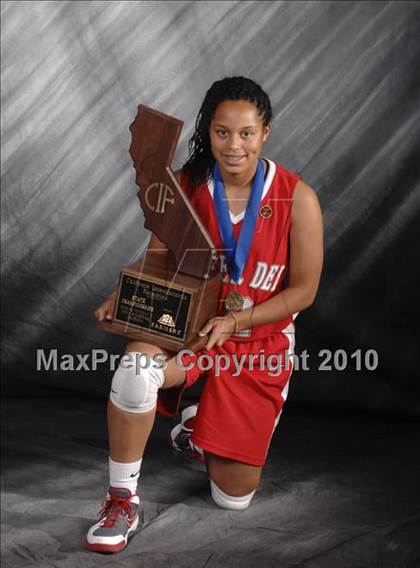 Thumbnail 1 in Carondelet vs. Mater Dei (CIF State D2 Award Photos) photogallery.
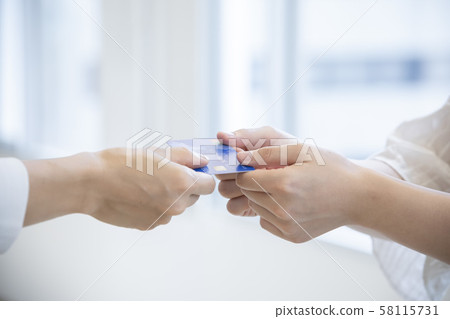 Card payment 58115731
* * *
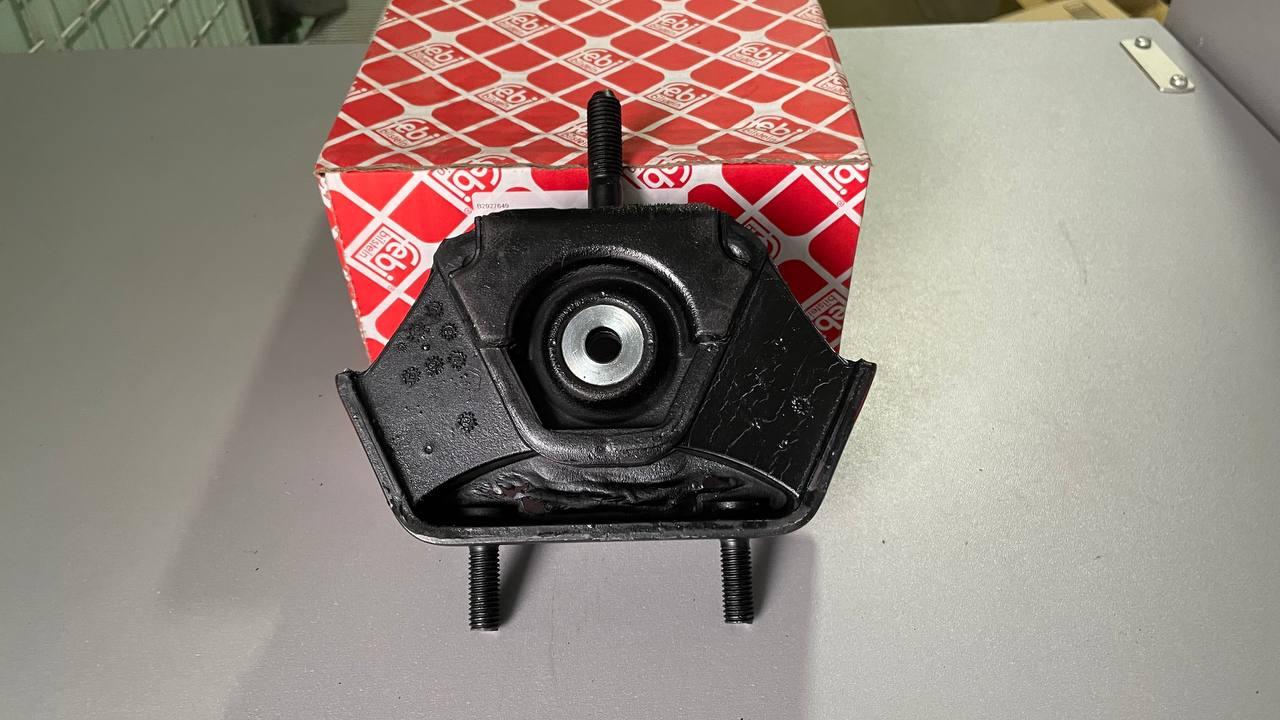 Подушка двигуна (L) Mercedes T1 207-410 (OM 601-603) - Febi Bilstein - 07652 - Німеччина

TASK DETAILS:
Starting at the line above that holds "Thumbnail 1 in", repeat every line exactly down to and including the line that holds "Card payment 58115731", then stop. Do not carry over any pictures.

SOLUTION TO THIS TASK:
 Thumbnail 1 in Carondelet vs. Mater Dei (CIF State D2 Award Photos) photogallery.
 Card payment 58115731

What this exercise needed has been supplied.